As I lay in bed and these thoughts ran through my mind, I sensed the Lord speaking to me. "Have you forgiven her?" He asked. I responded, "Yes, Lord. I have chosen to forgive her. It's hard, and at times my heart rebels. But I have made the decision to forgive."
Ok, so ya gotta love those times when the Almighty God asks you a question, you respond in what you believe to be a positive manner, and His next statement is, "Ooh, reaaaallllyyyyyy." it was not a question. It was a statement. A long, drawn out statement.
I didn't respond. I simply thought, "Uh oh!" and braced myself.
The Lord then proceeded to lay out "my brand" of forgiveness. Yes, many times I have chosen to forgive this person. Many times I have prayed for her to come to know the Lord as her Savior, is she doesn't already. Many times I have asked Him to change her heart according to His plans for her.
What I didn't realize until last night is that I have never asked the Lord to bless her coming in and her going out. I have never asked for healing or provision in whatever areas she may need them. I have never asked for Him to use her greatly, to raise her up as a mighty woman of God, to fulfill His ultimate plans in her life.
In short, I have never asked big things for her. I was content to ask for the mediocre - salvation and basic needs.
Don't misunderstand; it wasn't my intentional plan. I didn't even realize that's what I had been doing until the Lord God revealed it to me.

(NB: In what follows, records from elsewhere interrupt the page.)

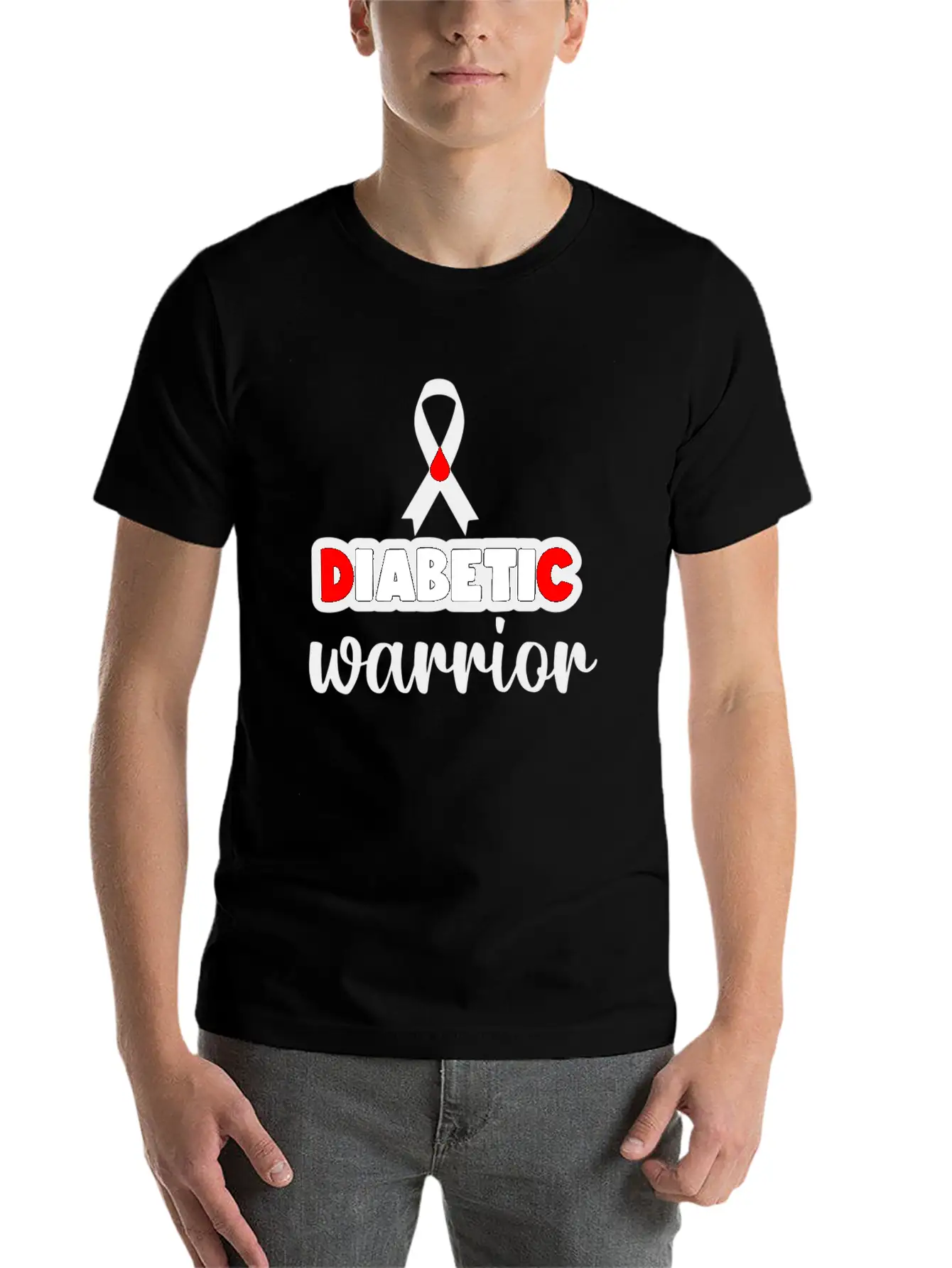Diabetic Warrior Cancer Ribbon Diabetes Awareness Unisex Short Sleeve Soft Cotton T-Shirt – Casual Everyday Wear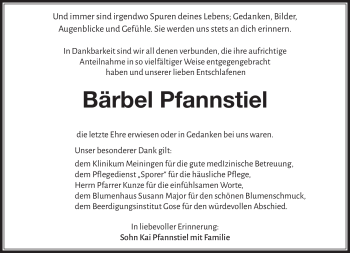 Traueranzeige von Bärbel Pfannstiel von Südthüringer Presse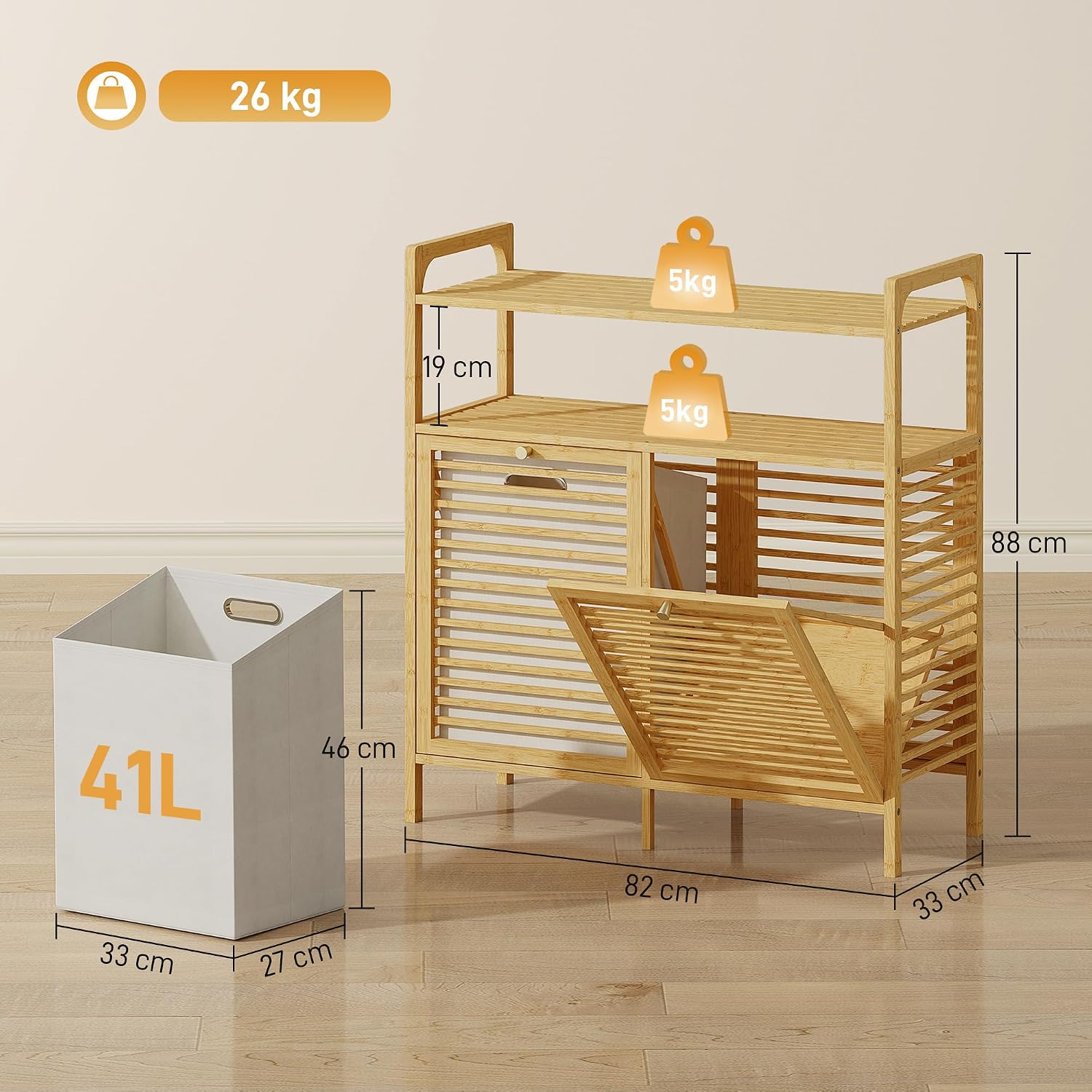 Thumbnail 2 de HOMCOM Meuble Salle de Bain Panier Linge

As if that didn't already have the conviction fires burning in my heart, I learned He wasn't done with the lesson just yet. He paused for a few moments, letting His words sink in, then He began again.
"I have told you in My Word, that the measure you mete out to others will be the measure I mete out to you." GULP. Say what?? I was speechless. There's times it's just best to remain silent in His presence. This was one of those times.
He continued. "You've been asking about the dreams I have given you. I have promised great things for you, but you are questioning because they haven't yet come to pass. You are tired of having barely enough, and you pray for more than enough, that you can bless others. You desire to go farther, to do more, for Me. It is good to have those desires, but do you not yet understand? The measure in which you forgive others is the measure in which I forgive you. If you ask me to give her the basics, why do you ask me to give to you more than enough? If you ask me to give her salvation, but not to use her mightily, why do ask me to use you more? What you desire for her is what I will give to you. The measuring stick will not change, for I am no respector of persons."
'Nuff said. End of lesson. I mean, like I would attempt to improve upon HIS words??
So where have you been on the "forgiving" stick? Have you measured it out as fully as you should? Has someone crossed your mind while reading this that you may need to bless more in your prayers? Does it surprise you that some blessings you've been asking for may have been withheld because of the measure of forgiveness you've measured out to someone else? Will you, like me, be repenting of this "only the basics" mindset and focusing on lengthening your forgiveness measuring stick? Comments!